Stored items
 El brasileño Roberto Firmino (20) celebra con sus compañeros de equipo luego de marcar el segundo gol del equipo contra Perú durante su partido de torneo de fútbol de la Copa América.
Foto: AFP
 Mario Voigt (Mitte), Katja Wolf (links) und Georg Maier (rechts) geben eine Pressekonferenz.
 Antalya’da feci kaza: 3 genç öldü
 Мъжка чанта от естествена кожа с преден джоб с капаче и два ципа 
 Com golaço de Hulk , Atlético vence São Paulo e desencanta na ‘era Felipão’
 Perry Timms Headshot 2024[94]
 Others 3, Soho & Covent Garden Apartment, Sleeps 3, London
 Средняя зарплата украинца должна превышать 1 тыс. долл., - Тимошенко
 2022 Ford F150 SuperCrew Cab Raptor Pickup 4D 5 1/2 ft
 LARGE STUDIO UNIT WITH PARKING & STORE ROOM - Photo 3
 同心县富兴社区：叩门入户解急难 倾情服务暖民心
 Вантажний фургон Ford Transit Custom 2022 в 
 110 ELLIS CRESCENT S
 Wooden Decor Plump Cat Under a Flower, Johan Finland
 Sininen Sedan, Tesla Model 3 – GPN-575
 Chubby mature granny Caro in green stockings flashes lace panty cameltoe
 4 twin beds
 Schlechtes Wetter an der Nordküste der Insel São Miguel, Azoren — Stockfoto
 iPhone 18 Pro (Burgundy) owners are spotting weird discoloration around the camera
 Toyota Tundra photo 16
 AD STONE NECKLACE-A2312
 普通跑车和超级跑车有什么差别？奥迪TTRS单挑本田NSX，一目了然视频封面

WORK REQUIRED: Every record shown above should be written out again exactly.

EXERCISE ANSWER:
 El brasileño Roberto Firmino (20) celebra con sus compañeros de equipo luego de marcar el segundo gol del equipo contra Perú durante su partido de torneo de fútbol de la Copa América.
Foto: AFP
 Mario Voigt (Mitte), Katja Wolf (links) und Georg Maier (rechts) geben eine Pressekonferenz.
 Antalya’da feci kaza: 3 genç öldü
 Мъжка чанта от естествена кожа с преден джоб с капаче и два ципа 
 Com golaço de Hulk , Atlético vence São Paulo e desencanta na ‘era Felipão’
 Perry Timms Headshot 2024[94]
 Others 3, Soho & Covent Garden Apartment, Sleeps 3, London
 Средняя зарплата украинца должна превышать 1 тыс. долл., - Тимошенко
 2022 Ford F150 SuperCrew Cab Raptor Pickup 4D 5 1/2 ft
 LARGE STUDIO UNIT WITH PARKING & STORE ROOM - Photo 3
 同心县富兴社区：叩门入户解急难 倾情服务暖民心
 Вантажний фургон Ford Transit Custom 2022 в 
 110 ELLIS CRESCENT S
 Wooden Decor Plump Cat Under a Flower, Johan Finland
 Sininen Sedan, Tesla Model 3 – GPN-575
 Chubby mature granny Caro in green stockings flashes lace panty cameltoe
 4 twin beds
 Schlechtes Wetter an der Nordküste der Insel São Miguel, Azoren — Stockfoto
 iPhone 18 Pro (Burgundy) owners are spotting weird discoloration around the camera
 Toyota Tundra photo 16
 AD STONE NECKLACE-A2312
 普通跑车和超级跑车有什么差别？奥迪TTRS单挑本田NSX，一目了然视频封面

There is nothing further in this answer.